L’aspect environnemental ne nous est donc venu que beaucoup plus récemment, il y a quatre ou cinq ans, avec la question des transports ; un secteur qui pèse extrêmement lourd, dans nos émissions de gaz à effet de serre. Alors que la pandémie portait l’espoir d’un changement des habitudes de consommation et de déplacement, les gens se précipitent de nouveau vers l’avion, de la même façon qu’ils ont cessé de consommer local une fois les confinements achevés. Il nous semble donc d’autant plus important d’agir en faveur de mobilités plus durables et de sensibiliser les publics à leur usage.

Quelles actions concrètes mettez-vous en place pour limiter l’impact environnemental des voyages ?

En termes de mobilités, nous réfléchissons à des alternatives à l’avion et nous sommes engagés à ne pas proposer de croisières maritimes, un type de voyage extrêmement polluant.
Nous travaillons sérieusement sur le train. En 2023, nous avons notamment pour objectif de développer “Incitations TER”, une offre de séjours en Nouvelle-Aquitaine. Nous l’avons co-construite à partir d’ateliers réalisés avec des publics variés, pour recueillir leurs envies en termes de déplacement. C’est tout un travail de réinvention qui est nécessaire, puisqu’il faut prévoir les visites et les hébergements du circuit en fonction des lignes ferroviaires et envisager des synergies avec le vélo ou l’autocar, pour se déplacer une fois arrivé en gare.

Si on regarde vers l’avenir, quels défis majeurs attendent le secteur du tourisme ?

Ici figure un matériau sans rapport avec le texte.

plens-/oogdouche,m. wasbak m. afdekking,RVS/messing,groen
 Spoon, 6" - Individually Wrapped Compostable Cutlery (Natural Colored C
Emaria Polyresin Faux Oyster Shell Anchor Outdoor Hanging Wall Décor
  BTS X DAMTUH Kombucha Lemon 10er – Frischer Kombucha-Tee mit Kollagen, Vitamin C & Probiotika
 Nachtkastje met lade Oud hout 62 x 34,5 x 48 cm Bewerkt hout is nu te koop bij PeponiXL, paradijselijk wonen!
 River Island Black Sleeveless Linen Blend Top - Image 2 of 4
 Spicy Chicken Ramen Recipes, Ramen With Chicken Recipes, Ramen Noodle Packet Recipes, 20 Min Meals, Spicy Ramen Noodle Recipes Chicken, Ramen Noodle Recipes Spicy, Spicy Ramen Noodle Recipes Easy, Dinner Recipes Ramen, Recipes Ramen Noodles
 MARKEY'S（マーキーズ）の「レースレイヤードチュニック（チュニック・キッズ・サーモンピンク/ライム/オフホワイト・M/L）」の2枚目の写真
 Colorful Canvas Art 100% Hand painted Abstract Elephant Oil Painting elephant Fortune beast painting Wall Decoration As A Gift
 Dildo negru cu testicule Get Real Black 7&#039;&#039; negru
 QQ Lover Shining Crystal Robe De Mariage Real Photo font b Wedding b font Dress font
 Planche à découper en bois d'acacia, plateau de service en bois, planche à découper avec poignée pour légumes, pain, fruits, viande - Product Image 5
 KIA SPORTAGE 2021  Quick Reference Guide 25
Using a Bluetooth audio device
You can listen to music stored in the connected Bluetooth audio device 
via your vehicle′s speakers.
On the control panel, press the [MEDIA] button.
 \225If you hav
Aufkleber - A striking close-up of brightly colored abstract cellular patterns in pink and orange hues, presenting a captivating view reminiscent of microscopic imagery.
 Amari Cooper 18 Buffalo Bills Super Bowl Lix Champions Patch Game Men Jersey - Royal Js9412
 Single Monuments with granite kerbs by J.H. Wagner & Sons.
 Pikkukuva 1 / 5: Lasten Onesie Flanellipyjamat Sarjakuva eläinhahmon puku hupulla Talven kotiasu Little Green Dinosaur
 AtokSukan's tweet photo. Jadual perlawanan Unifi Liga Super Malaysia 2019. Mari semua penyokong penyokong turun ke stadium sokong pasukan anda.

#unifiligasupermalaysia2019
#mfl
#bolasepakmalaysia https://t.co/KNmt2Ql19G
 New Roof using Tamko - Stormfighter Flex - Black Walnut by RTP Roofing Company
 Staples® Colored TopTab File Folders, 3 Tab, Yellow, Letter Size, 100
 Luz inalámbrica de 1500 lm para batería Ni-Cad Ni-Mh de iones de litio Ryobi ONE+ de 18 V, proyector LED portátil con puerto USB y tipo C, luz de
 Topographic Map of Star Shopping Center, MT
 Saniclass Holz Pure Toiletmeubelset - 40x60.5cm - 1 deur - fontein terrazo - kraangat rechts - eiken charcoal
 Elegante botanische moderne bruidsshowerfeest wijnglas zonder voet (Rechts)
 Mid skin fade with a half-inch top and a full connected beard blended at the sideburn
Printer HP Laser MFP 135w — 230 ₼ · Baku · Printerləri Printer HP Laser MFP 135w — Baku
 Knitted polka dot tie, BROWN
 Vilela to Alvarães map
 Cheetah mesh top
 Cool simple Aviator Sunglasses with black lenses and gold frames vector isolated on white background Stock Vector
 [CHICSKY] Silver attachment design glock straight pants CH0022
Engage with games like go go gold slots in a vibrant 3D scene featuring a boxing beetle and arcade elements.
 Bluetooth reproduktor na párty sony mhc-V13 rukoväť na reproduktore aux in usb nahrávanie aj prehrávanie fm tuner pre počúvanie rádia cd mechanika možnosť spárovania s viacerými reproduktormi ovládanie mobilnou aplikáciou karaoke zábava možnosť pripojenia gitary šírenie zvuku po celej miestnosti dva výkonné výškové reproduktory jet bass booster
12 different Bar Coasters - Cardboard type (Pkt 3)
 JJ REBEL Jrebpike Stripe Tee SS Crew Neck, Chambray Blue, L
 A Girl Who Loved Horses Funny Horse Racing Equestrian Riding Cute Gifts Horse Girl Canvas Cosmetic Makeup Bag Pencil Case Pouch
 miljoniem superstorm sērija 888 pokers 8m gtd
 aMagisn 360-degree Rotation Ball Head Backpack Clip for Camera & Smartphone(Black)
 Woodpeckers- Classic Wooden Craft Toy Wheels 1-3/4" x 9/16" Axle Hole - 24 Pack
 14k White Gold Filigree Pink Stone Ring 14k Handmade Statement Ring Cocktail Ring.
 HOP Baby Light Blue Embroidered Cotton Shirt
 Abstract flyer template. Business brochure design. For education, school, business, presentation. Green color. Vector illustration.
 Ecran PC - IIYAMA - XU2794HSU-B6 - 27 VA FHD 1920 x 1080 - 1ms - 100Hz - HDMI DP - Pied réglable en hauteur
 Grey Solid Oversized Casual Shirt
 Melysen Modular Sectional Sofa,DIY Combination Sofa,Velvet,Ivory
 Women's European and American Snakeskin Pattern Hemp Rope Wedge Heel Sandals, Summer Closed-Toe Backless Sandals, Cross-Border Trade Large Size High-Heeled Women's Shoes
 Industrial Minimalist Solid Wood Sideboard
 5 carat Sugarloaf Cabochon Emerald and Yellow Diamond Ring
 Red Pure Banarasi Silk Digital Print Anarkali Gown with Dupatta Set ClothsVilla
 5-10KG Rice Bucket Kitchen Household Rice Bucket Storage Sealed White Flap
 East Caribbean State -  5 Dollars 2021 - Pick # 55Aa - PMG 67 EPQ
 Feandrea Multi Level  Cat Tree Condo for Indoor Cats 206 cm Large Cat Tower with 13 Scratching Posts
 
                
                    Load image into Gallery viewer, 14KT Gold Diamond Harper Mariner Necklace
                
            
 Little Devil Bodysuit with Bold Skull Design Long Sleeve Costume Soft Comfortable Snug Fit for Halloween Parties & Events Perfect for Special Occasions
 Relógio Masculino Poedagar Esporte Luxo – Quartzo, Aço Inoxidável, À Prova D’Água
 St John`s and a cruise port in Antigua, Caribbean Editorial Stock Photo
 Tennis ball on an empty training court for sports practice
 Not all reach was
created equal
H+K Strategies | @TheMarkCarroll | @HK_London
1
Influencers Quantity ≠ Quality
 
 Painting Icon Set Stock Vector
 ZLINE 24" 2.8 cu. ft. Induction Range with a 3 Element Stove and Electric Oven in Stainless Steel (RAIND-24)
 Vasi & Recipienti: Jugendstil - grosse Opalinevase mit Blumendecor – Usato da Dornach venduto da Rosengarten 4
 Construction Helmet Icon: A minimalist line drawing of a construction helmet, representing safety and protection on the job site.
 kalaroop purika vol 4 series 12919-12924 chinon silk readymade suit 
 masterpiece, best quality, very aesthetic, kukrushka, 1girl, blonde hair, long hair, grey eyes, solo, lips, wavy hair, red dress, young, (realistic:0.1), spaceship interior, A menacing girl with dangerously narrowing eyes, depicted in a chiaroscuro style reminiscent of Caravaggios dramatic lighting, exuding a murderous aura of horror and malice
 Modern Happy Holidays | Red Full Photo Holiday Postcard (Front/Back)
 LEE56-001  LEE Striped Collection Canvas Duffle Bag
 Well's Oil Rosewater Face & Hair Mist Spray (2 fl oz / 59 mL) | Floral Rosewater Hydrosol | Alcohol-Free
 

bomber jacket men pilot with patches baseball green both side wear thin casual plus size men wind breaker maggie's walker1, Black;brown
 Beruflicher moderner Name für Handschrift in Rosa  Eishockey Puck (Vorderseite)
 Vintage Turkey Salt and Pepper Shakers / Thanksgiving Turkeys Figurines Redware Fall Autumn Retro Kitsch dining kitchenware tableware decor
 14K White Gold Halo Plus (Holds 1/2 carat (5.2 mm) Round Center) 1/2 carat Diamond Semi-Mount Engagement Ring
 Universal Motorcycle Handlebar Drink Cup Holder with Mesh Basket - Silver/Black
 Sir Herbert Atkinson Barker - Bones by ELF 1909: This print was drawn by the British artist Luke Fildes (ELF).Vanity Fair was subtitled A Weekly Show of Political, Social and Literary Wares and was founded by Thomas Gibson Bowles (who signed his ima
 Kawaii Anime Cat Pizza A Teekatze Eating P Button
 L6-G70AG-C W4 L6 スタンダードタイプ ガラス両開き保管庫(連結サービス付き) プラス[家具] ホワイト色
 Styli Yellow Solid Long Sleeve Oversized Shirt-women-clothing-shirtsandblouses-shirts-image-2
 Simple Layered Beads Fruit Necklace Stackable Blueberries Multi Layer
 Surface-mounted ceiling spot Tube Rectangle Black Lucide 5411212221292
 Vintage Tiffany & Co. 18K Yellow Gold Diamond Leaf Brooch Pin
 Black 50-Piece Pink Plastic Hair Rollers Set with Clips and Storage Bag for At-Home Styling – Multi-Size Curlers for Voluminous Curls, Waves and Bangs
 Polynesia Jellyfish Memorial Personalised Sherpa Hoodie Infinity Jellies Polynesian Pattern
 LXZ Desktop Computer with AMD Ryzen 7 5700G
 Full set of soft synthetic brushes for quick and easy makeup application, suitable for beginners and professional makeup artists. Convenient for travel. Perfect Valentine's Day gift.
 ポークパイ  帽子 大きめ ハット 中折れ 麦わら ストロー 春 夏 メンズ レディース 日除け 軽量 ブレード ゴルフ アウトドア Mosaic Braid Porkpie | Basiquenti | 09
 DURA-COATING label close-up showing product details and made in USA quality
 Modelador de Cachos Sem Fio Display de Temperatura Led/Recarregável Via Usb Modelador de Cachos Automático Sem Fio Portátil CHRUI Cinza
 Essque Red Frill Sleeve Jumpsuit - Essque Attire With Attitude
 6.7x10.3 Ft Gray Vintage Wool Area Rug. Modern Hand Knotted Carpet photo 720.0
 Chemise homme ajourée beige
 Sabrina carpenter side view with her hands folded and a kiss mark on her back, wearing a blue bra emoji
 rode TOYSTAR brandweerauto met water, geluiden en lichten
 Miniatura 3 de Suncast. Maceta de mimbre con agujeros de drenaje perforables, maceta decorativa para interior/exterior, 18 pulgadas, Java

La mobilité, c’est l’enjeu numéro un. Il faut évidemment commencer par travailler sur le recours à l’avion. Une solution envisageable pourrait être, par exemple, d’imposer un quota de kilomètres par personne. Compte tenu des modes de consommation actuels, en particulier l’impact des hyper riches volant en jet privé, il me semble qu’un tel changement ne pourra passer que par la contrainte. Ce sont ces grandes fortunes qui mènent la danse. Pourtant, alors qu’Elon Musk et compagnie envisagent le voyage vers d’autres planètes, il faudrait d’abord se concentrer sur la préservation de la nôtre !
Un travail sur la démocratisation du train semble donc indispensable, surtout compte tenu de la situation assez catastrophique où il se trouve actuellement. L’offre de la SNCF est inférieure à la demande, elle affiche des prix élevés. Et pour nous, c’est devenu très difficile de proposer des voyages de groupe car le métier de correspondant groupe a disparu. C’est une personne que nous pouvions avoir comme interlocuteur au lieu d’une interface numérique. Le train de nuit pourrait également constituer une belle solution. Il est relancé actuellement, mais avec un matériel insuffisant.
Sur l’aspect communication, il serait intéressant d’avoir un réseau d’influenceurs mettant en avant des façons de voyager plus éthiques.
Enfin, s’il est important de prôner le voyage en France ou en Europe proche, il faudrait aussi mener une réflexion sur la durée du voyage. Cela pourrait consister à éviter les voyages à l’étranger le temps d’un week-end, ou partir trois semaines plutôt qu’une ; même s’il est évidemment difficile d’obtenir autant de congés suivis. De manière générale, un des enjeux primordiaux, c’est de remettre du sens dans les déplacements effectués.